WHO(世界保健機構)は、世界の子どもたちが受けるべき予防接種を指標として提示していますが、国によって定期接種にしているものと任意接種にしているものが違います。たとえば、B型肝炎ワクチンは日本では現在のところ任意ですが、今後、定期接種になる予定です。任意接種のものは接種不要というわけではない、ことは認識しておきましょう。(内科医師)
任意の予防接種には公的な補助金がなく、たしかに経済的には負担になります。「高額な予防接種より治療費の方が安いから」「接種しても感染の可能性はあるから」という理由で接種しない方もいますが、ロタウイルスやおたふく風邪、インフルエンザなどに感染し重症化した場合も考えると、予防するに越したことはありません。(産科・婦人科看護師)
中国でも定期接種か任意接種かは国により定められています。予防接種とは、重症な病気にかかって命が危険な状態となったり、重い障害が残ったりすることを防ぐためのもの。受けるメリットはそこにあるといえるでしょう。(内科医師)
予防接種のデメリットとして挙げられるものは、予防接種による重篤な副反応(死亡、障害)などがありますが、発生は極めてまれだとされています。

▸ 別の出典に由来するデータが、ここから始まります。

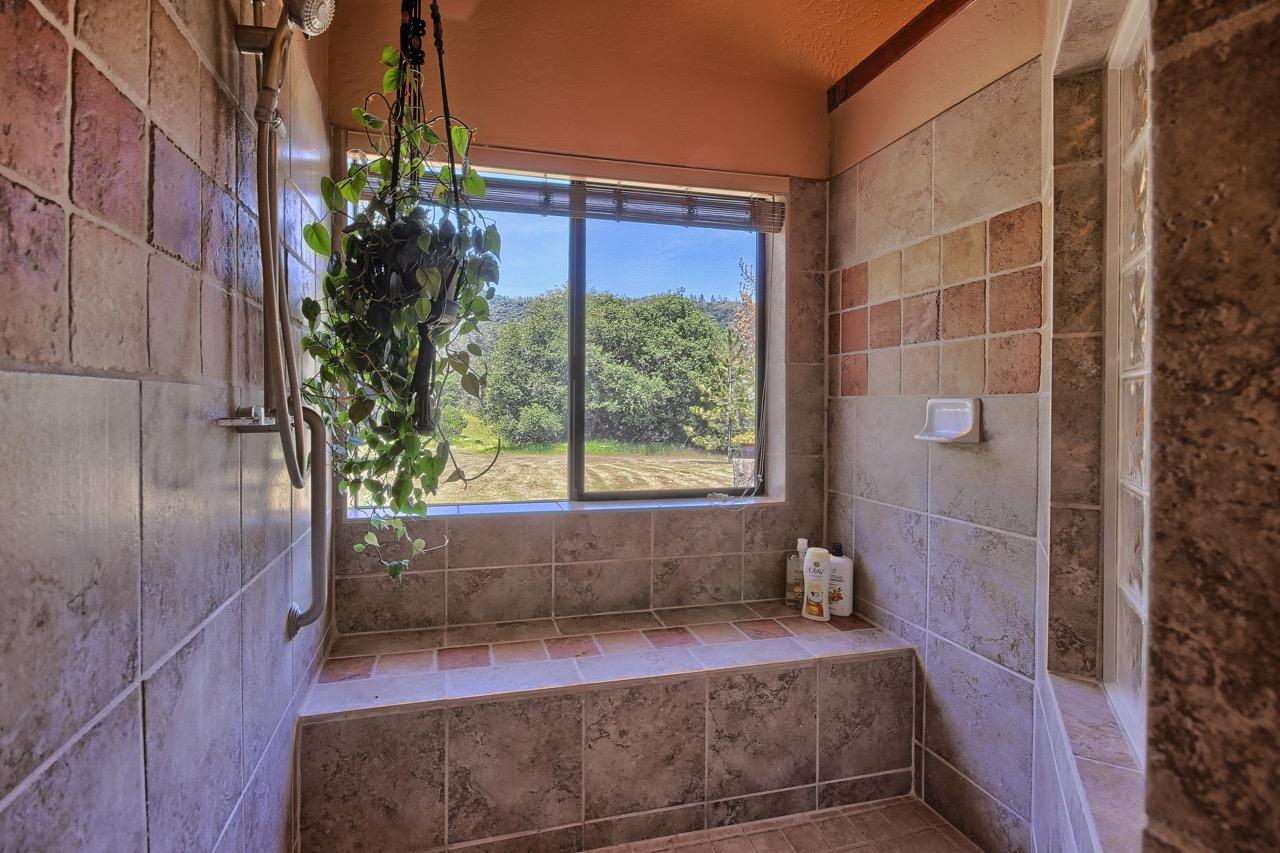 2513 Twin Peaks Road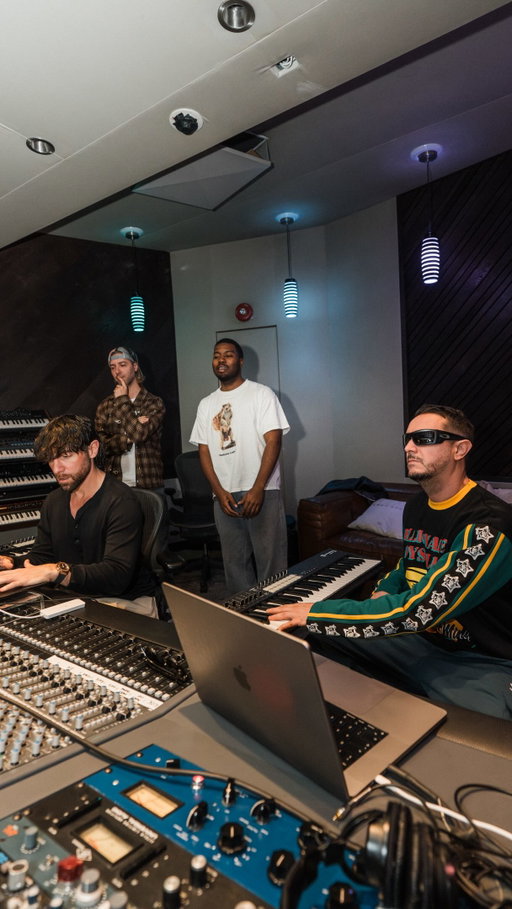 wanted to share the sessions behind our new single Weekend w/@thegr8khalid ✨ thank you for all the love on it, go check it out at the link in bio🔗
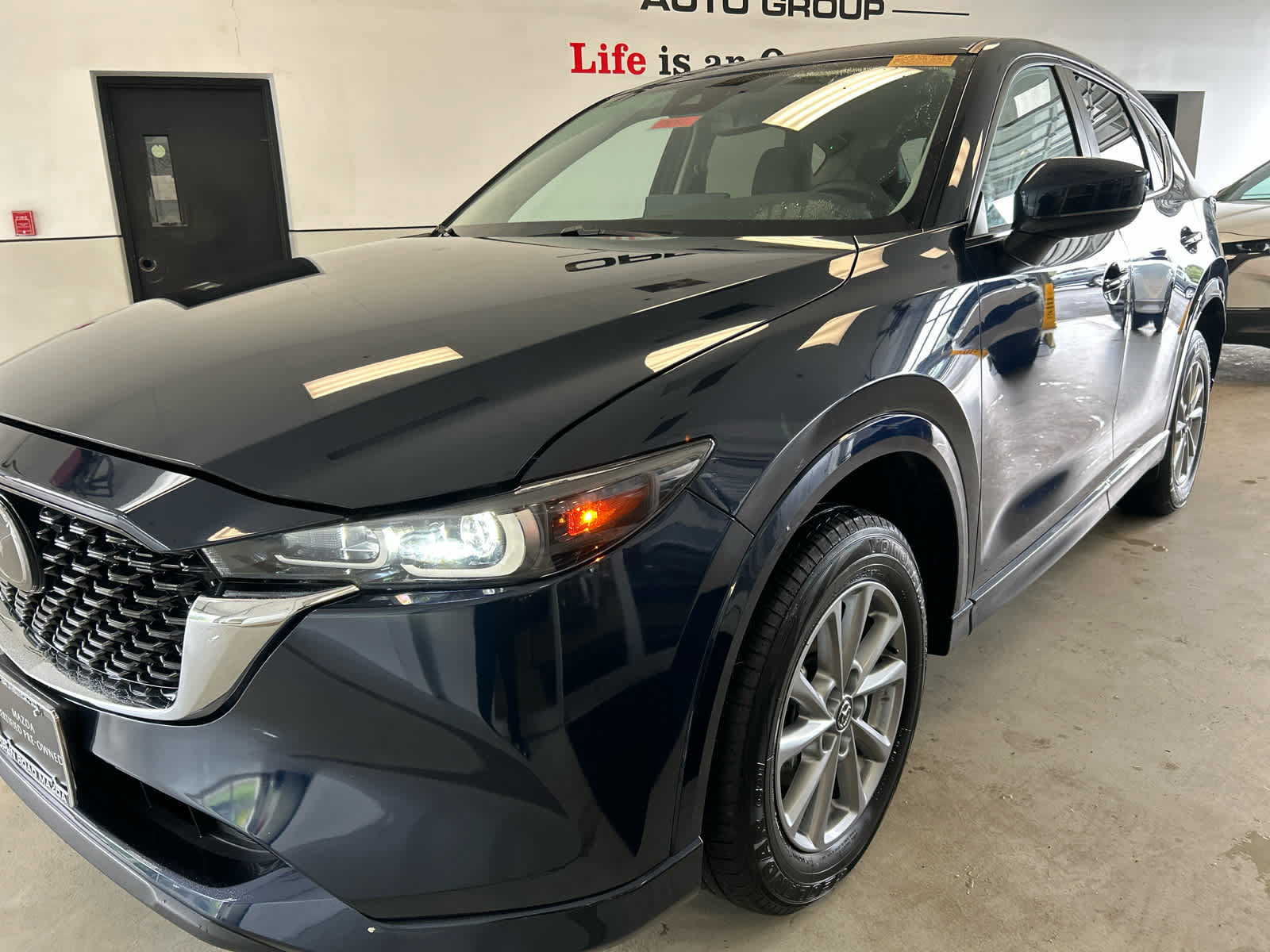 Certified 2025 MAZDA CX-5 AWD 2.5 S w/ Preferred Package image 2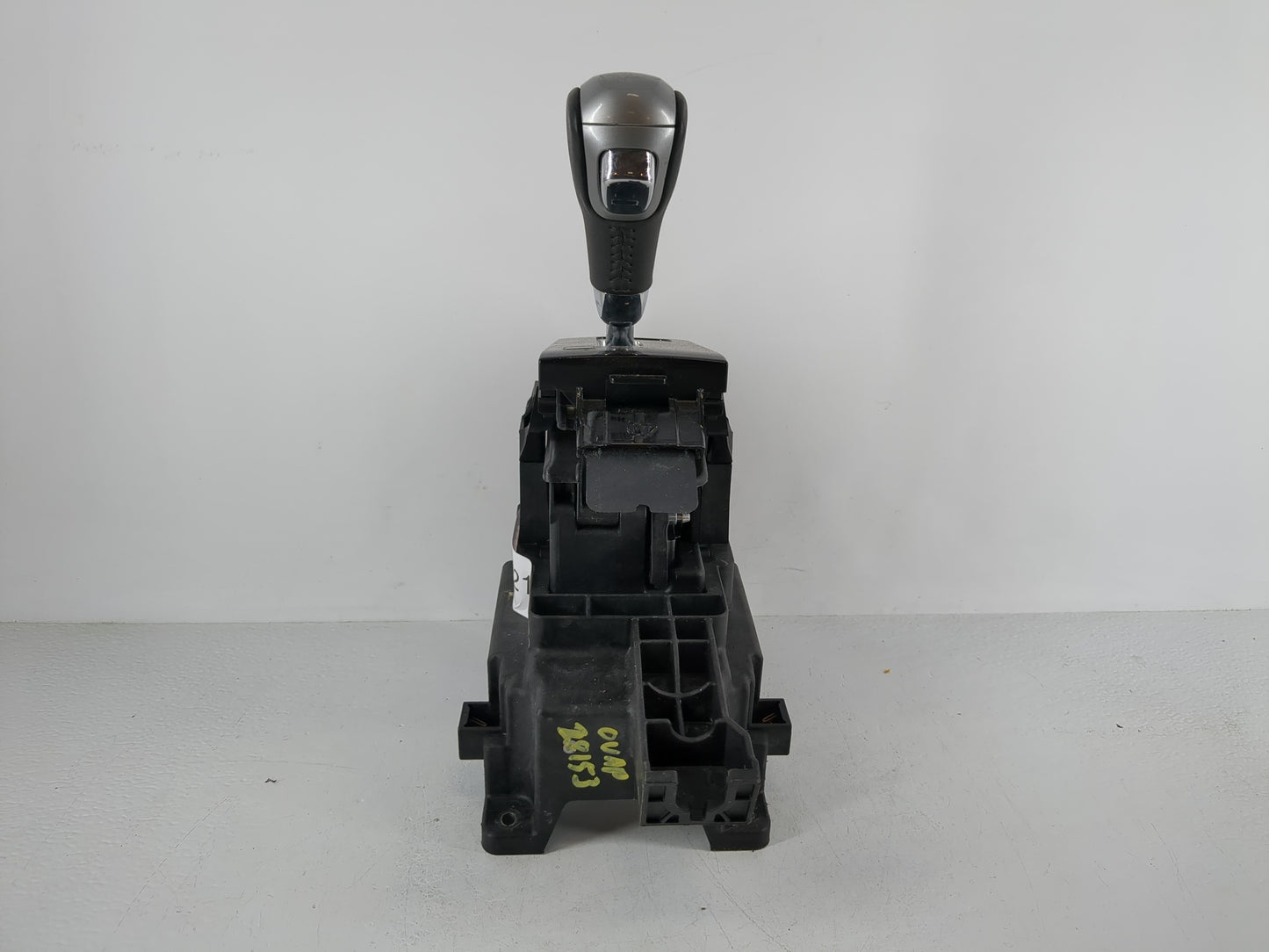 2016 Chevrolet Cruze Limited Floor Shifter - Oemusedautoparts1.com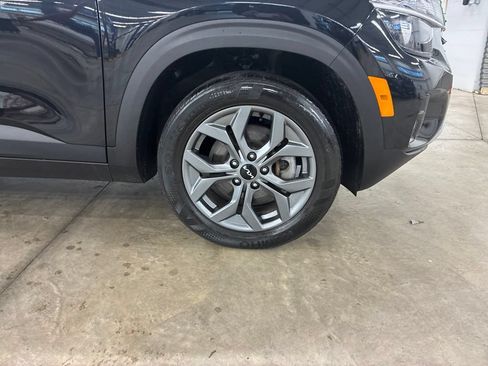 Used 2024 Kia Seltos LX AWD/4WD image 11
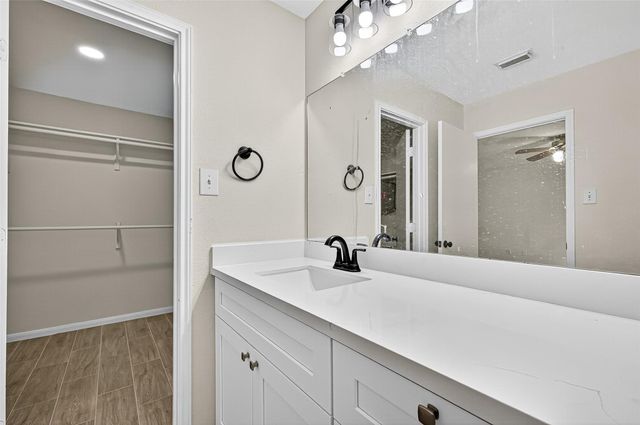 18759 Holly Way, Houston, TX 77084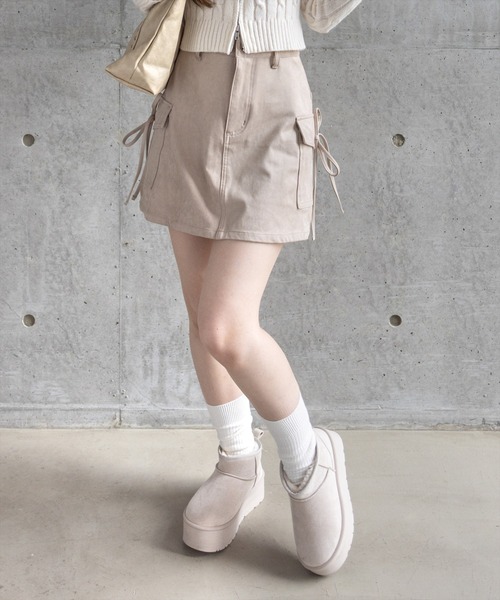 clear（クリア）の「フェイクスエードリボン付きカーゴミニスカート［ガーリー カジュアル 着回し力抜群］（スカート・レディース・ベージュ/ブラウン/ピンク・S/M）」の7枚目の写真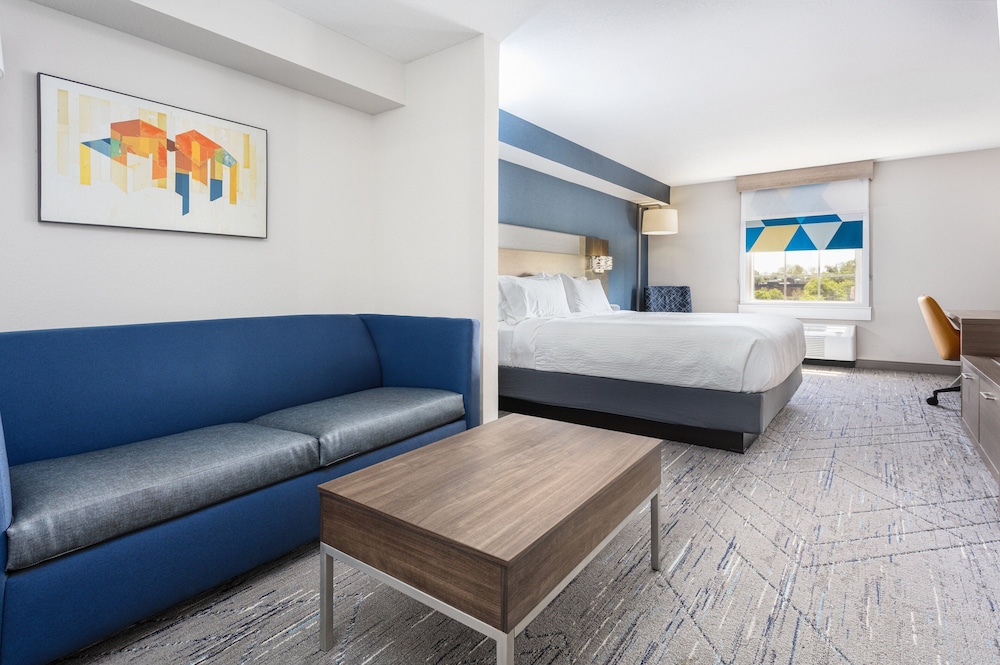 holiday inn express and suites williamsburg by ihg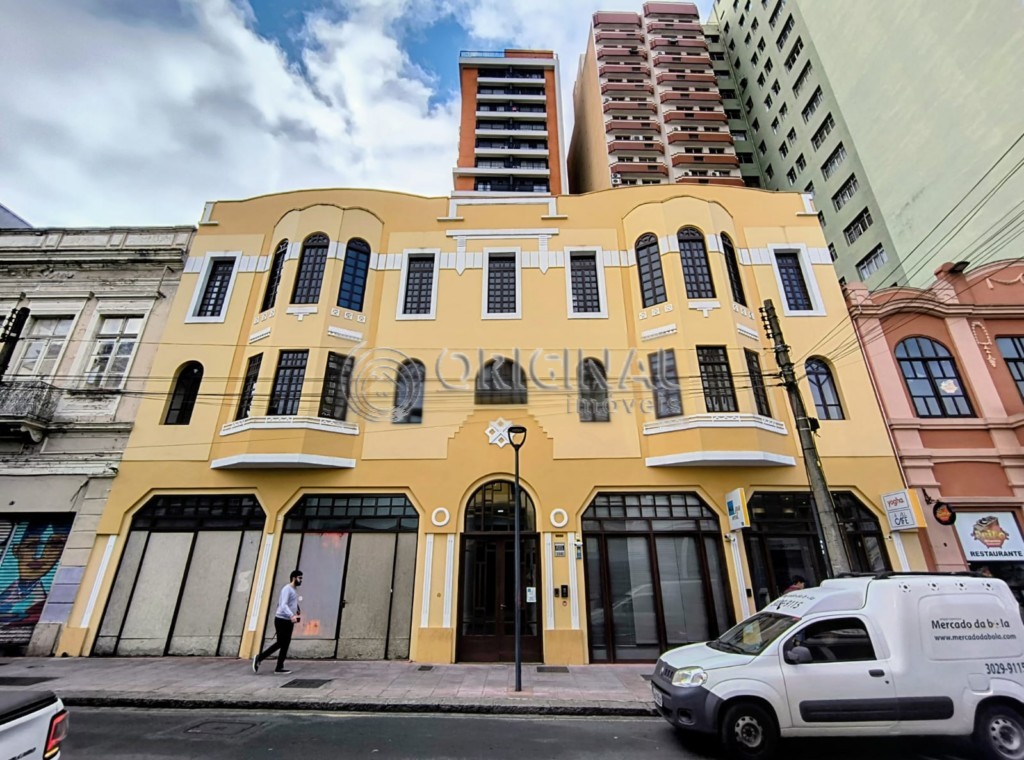 Loft para locacao no Centro em Curitiba com 28m² por R$ 1.611,11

(内科医師)

中国での予防接種

質問者の方は中国在住とのことですが、国が違ってもその国に定められた予防接種を受けることになるようです。その場合、どういった点に注意が必要なのでしょうか。

海外でも日本と同じように予防接種のスケジュールが組まれています。何の予防接種をするのか、事前に主治医とよく相談してください。ワクチンの内容に関しては、日本と同様と考えていいでしょう。(産科・婦人科看護師)
ワクチンにはパッケージに入っているものや、シリンジから注射器で吸うものがありますが、衛生面では後者が気になるところです。なるべく衛生状態のよい、信頼できる病院で受けるようにしてください。(内科医師)

国により環境や考え方に違いがあるとはいえ、予防接種は免疫力の弱い子どもを守るためのもの。重症化のリスクを下げるためにも、受けておくのがよいようです。